Все же к Академии, как к институту, я в общем еще отношусь с симпатией. Ни на кого в Академии я совершенно не обижен, тем более, что в моем личном деле есть представления таких людей, как Сергей Львович Соболев, Александр Данилович Александров, Юрий Григорьевич Решетняк. Моего отца очень долго не избирали, и я с детства усвоил, что нет хуже презрения в научной среде, чем презрение к выбранному не по заслугам. Никому не пожелаю!
В Академии по-прежнему много достойных людей и избрание в нее остается честью. Академия по большому счету — это её члены: будут пожиже члены, пожиже будет и Академия. Так что каждые выборы определяют дальнейшую судьбу одного из старейших общественных институтов в нашей стране.

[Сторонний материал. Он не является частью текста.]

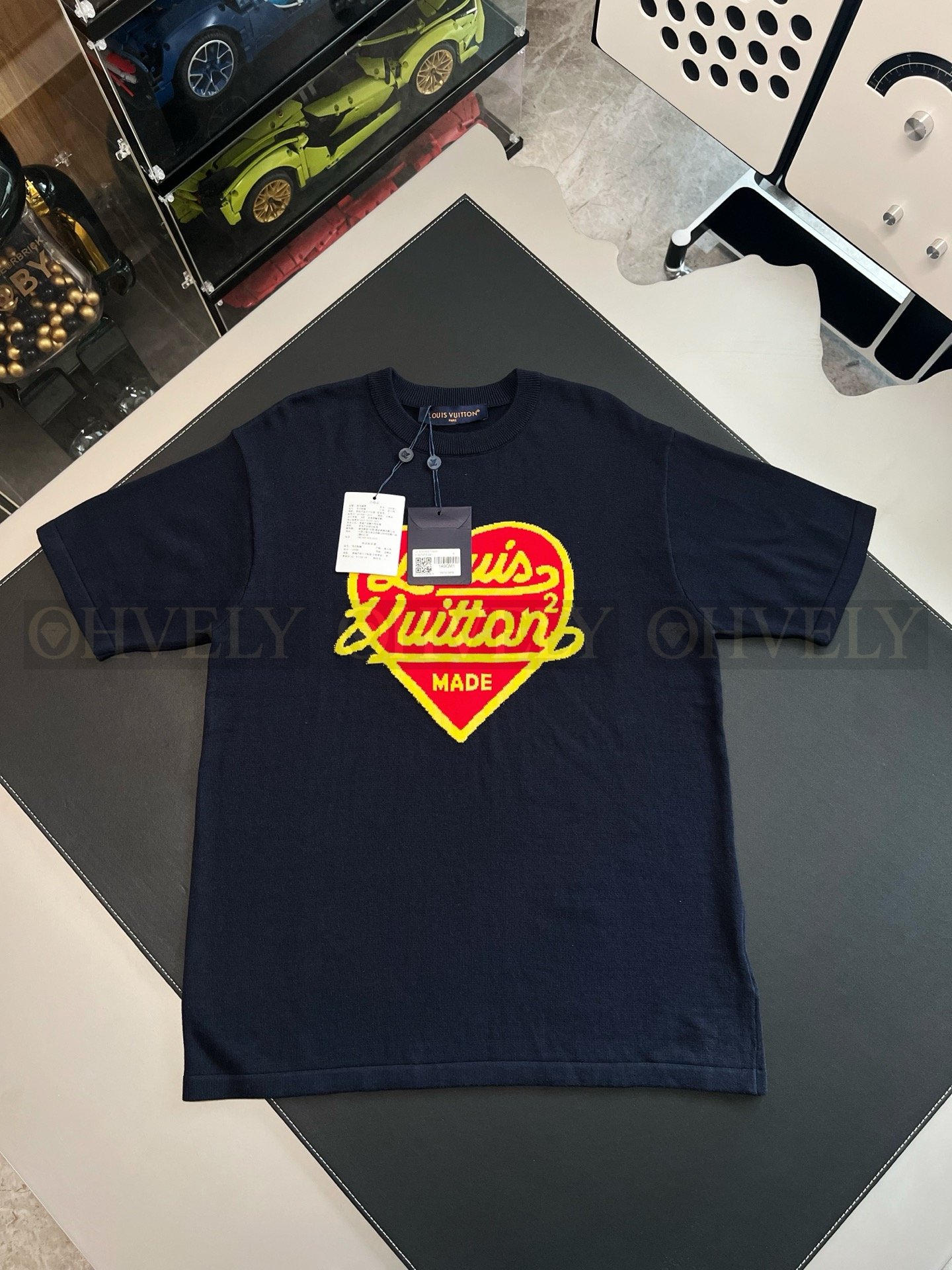 【 ZP버전 】루이비통 Louis Vuitton LV MADE 하트 인타르시아 니트 티셔츠 상품 썸네일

— Что надо совершить в науке такого, чтобы стать академиком?
— Следует уточнить вопрос. В техническом плане для того, чтобы стать академиком, т. е. действительным членом Академии наук надо, чтобы вас туда таковым избрали. (Кстати сказать, избирают вас две трети членов, а не избирают — треть плюс один, можете этим утешаться, если переживаете свое неизбрание.) Известны примеры, когда избирались люди без видимых заслуг. Как-то по молодости, после провальных выборов моего отца, я стал нападать на Академию, изобличая тогдашних проходимцев в беседе с заглянувшим к нам домой Сергеем Алексеевичем Христиановичем. Разделив мое негодование, он все же добавил: «Сёма, Вы не понимаете. Если дурак стал академиком, то это незаурядная личность». Впоследствии я имел много возможностей оценить мудрость Сергея Алексеевича.
В содержательном плане вопрос, по-видимому, подразумевает бесспорные научные заслуги, за которыми следует обязательное избрание. Такие мне неизвестны. Очевидно существование научных заслуг, за которыми следует бесспорное профессиональное признание (например, если вам удастся добиться регенерации конечностей человека, вы станете всемирно признанным учёным, но не факт, что вас выберут в Академию вообще и по Отделению математики в частности).
И все же есть одно общее качество у тех прошлых и нынешних членов Академии, которых я уважаю. Я называю его «служение науке».
— Откуда математика берет свое начало?
— Это очень общий вопрос и я отвечу соответственно.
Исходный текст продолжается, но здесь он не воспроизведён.